Your administration, especially if they haven’t advertised for a Latin teacher recently, may not know the best places to advertise. If you can have a brief official paragraph written up about the job and post it to LatinTeach, local sites and e-mail lists, Facebook, and so on, you can boost the signal and make it more likely that the next Latin teacher will be a good fit. Check out the post about where to look for jobs for ideas. Also, mention it to your friends and colleagues. They may know of a former student looking for a job or someone else who could be a good fit.

II. What to leave

Think about what you were given at the start of the job and how useful (or useless) that was.
I’d suggest leaving at least the following:

  1. Course descriptions (the official ones or more detailed, unofficial ones. If you went beyond the official end or, because of snow days, didn’t get to where you usually do, leave a note. )
  2. Outline of a typical day (So that when students come in and ask ‘Are we doing the squirrel?’ the new teacher knows what they’re talking about. This also gives the teacher some idea of what can fit into the day and a scaffold for the start of the year if he or she wants it.)
  3. List of important events (When is the NLE form due? Is there a big field trip that you do each year that needs to be confirmed by a certain date? The new teacher doesn’t have to do these things, but, if there’s a list, he or she can make decisions instead of being asked about something too late.)
  4. Contact info (This is a personal decision.
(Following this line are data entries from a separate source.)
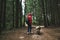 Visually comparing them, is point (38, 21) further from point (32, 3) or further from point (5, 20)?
point (5, 20)

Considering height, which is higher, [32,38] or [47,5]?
[47,5]

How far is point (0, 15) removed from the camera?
48.0ft

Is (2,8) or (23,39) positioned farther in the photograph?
(2,8)

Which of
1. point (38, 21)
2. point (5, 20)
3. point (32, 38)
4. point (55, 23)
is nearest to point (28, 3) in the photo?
point (38, 21)

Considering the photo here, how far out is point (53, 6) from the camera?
74.3ft

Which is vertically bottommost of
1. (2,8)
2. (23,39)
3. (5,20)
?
(23,39)

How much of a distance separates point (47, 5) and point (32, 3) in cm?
1051

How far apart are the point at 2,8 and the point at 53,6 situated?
971 centimetres

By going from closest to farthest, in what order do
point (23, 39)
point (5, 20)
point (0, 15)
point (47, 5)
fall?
1. point (23, 39)
2. point (0, 15)
3. point (5, 20)
4. point (47, 5)

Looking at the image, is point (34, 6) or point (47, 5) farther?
point (34, 6)

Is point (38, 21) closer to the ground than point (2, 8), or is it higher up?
closer to the ground

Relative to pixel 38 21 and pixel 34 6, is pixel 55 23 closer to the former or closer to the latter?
pixel 38 21

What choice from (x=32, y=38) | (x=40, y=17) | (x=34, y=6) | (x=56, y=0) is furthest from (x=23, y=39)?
(x=34, y=6)

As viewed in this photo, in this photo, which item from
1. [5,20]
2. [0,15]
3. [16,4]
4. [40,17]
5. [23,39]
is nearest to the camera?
[23,39] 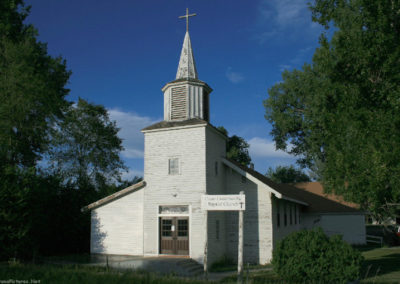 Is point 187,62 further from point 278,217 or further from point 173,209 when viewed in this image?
point 278,217

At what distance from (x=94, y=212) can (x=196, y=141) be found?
7.62 metres

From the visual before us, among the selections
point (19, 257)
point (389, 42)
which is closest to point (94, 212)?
point (19, 257)

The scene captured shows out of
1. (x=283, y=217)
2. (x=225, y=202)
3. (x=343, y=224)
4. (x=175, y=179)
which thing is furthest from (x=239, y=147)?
(x=225, y=202)

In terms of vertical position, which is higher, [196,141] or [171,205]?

I tend to leave an e-mail address so that the person can check in if there are questions about how much a particular class covered or placement of new students.)
  5. Notes on special circumstances (This gets into a personal choice. I’d suggest not leaving detailed notes on every student, but leaving ones on big details that will have an effect on how the new teacher teaches. For example, saying that So-and-So transferred mid-year and has been doing independent work because of starting a semester behind the other students, or that Thus-and-Such is planning to be privately tutored over the summer and take a placement exam to get into Latin II instead of being put into Latin II.)
  6. Emily Lewis says to consider “Is the school JCL active? Is there stuff you have to do with Activities office/forms/paperwork. You’d be AMAZED at how often this is overlooked.

Beyond this, you might want to leave a flash drive with your handouts, quizzes, and tests. Seeing what the expectations were can be nice, and the new teacher may want to pick up where you left off. I also like leaving a few of the supplies that everyone needs but that the new teacher often isn’t told where to get (a box of chalk/handful of dry erase markers, paper if you have to bring your own to the copier, any official forms or passes). Elliott Goodman said that he “left a copy of the scope and sequence as well as three huge binders filled with all my materials in order. Most important: a table of contents with annotations.”
Also, as a note from personal experience: when you leave on your last hot day in June, make sure that you take your coffee with you. Coming into a new room at a new school to set up on a hot day in August, noticing an odd smell, and finding a full coffee mug that’s been under a desk for two months is not a great start for the new teacher.